Segment Open

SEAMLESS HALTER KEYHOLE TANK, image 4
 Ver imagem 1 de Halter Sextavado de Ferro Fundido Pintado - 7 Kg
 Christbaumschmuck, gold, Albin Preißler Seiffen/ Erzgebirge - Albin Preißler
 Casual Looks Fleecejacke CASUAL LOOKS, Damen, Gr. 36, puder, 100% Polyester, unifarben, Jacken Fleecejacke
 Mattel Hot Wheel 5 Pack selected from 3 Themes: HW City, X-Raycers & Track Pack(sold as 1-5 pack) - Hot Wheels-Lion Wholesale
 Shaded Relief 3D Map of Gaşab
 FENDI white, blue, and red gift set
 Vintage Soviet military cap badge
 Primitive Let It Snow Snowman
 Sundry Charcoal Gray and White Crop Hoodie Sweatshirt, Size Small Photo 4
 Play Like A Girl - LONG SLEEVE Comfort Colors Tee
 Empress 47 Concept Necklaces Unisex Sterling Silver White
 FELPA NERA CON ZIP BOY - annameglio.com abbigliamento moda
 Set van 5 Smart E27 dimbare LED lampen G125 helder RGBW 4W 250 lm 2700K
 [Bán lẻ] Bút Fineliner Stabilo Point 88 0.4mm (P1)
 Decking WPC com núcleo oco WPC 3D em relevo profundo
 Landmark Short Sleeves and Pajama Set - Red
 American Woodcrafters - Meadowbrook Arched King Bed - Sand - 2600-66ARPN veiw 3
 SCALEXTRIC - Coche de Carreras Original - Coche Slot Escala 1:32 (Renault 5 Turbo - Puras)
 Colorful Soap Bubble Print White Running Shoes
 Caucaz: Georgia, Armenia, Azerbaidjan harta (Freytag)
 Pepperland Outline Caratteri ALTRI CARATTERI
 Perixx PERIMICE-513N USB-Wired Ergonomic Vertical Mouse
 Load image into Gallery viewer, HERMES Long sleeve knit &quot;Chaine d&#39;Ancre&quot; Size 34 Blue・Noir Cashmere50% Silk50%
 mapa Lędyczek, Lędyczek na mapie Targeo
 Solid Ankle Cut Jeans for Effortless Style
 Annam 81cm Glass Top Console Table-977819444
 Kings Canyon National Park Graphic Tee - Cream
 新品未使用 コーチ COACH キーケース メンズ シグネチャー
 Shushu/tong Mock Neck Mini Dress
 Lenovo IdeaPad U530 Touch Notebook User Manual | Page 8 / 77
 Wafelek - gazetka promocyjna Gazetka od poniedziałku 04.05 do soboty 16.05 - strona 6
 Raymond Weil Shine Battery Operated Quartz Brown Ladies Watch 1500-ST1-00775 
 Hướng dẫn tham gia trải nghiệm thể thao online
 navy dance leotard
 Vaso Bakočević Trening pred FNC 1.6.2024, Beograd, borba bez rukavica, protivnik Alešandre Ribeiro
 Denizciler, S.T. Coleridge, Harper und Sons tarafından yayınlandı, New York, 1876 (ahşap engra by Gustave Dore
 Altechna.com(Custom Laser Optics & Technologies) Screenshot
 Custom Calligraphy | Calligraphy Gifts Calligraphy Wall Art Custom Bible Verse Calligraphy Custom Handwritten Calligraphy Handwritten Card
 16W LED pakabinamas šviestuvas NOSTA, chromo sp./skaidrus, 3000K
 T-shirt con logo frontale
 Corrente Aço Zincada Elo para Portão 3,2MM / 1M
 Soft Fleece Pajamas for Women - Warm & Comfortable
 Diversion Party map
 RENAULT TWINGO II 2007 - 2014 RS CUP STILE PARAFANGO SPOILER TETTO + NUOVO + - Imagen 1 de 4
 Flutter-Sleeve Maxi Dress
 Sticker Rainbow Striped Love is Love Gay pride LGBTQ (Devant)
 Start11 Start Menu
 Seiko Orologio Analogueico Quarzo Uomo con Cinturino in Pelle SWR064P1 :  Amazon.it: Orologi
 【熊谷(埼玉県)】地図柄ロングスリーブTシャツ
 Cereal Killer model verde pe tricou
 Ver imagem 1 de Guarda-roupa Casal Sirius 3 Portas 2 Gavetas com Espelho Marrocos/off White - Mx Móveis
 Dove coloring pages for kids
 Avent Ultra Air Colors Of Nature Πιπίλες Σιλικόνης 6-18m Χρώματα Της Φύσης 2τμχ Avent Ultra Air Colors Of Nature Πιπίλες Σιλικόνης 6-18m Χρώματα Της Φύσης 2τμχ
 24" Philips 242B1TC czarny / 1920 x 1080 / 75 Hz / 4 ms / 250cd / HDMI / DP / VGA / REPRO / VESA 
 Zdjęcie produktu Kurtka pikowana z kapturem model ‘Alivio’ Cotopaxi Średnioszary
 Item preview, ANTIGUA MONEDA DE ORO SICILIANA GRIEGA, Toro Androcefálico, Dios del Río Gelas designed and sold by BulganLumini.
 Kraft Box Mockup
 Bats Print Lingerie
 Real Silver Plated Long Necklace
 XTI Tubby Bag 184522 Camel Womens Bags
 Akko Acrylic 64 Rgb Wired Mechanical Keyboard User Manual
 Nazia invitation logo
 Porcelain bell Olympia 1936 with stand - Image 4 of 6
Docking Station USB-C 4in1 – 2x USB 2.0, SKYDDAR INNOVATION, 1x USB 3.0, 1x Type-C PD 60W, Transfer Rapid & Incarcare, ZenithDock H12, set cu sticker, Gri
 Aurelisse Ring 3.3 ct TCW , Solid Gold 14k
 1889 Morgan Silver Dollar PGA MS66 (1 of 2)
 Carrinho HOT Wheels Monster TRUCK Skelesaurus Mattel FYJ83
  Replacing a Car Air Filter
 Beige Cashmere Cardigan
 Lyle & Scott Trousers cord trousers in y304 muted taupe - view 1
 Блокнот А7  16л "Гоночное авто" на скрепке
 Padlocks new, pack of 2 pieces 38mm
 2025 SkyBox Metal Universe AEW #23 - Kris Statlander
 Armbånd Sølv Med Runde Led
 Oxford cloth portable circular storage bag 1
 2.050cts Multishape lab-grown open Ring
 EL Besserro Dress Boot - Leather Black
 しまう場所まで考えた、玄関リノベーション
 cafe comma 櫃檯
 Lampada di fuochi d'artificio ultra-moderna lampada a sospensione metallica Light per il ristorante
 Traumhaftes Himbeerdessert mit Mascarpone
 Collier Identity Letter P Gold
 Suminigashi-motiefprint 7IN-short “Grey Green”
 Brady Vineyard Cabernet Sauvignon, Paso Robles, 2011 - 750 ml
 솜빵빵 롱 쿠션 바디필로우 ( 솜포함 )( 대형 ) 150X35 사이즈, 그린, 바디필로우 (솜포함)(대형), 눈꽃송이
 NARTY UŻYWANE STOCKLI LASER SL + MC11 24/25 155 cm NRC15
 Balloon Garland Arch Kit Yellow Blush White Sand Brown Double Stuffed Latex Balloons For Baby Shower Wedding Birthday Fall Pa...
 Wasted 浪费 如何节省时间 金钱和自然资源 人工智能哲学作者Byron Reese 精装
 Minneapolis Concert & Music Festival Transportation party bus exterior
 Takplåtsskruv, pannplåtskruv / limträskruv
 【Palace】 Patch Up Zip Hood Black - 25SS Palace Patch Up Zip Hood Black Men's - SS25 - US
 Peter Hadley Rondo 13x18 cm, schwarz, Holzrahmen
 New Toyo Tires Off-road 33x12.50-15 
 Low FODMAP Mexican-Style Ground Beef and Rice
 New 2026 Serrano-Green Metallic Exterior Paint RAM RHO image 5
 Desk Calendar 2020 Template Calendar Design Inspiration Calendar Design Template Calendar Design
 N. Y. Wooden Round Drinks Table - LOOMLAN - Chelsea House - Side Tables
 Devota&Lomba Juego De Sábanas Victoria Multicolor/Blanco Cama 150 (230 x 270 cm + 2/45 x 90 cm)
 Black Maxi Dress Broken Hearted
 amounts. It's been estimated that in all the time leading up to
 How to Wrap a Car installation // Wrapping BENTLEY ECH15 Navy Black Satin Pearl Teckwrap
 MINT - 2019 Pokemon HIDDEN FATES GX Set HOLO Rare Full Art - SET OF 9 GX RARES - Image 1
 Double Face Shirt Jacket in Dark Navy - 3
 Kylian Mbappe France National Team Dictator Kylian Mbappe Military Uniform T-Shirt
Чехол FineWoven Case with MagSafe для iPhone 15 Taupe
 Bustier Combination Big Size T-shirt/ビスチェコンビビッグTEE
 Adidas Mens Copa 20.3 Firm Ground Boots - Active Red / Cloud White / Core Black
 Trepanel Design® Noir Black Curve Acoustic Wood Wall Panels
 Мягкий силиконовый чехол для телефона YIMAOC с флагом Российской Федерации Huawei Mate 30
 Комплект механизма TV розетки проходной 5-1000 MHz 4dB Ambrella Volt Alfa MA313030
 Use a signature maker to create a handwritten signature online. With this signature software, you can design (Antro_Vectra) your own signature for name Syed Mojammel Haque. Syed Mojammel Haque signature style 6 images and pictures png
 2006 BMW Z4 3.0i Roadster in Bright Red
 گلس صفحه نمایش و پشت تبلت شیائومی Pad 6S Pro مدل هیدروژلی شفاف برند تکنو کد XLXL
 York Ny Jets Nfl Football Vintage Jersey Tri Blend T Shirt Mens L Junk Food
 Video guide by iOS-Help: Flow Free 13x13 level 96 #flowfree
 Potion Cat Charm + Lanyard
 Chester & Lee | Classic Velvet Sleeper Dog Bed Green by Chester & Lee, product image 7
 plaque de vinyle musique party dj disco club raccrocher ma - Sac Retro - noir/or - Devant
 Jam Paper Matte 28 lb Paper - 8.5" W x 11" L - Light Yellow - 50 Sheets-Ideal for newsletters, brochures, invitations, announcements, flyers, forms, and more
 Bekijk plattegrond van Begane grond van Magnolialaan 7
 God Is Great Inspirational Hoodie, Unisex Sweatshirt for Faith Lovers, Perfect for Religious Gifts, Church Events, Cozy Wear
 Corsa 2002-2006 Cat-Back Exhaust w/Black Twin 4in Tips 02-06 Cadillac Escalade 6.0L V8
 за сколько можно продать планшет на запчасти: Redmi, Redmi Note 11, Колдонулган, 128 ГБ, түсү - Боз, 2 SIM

Segment Closed

• **ASSIGNED TASK**: Using the records above, state how many lines contain "Black"; a single number is the whole answer.

• **RESPONSE TO THE EXERCISE**: 7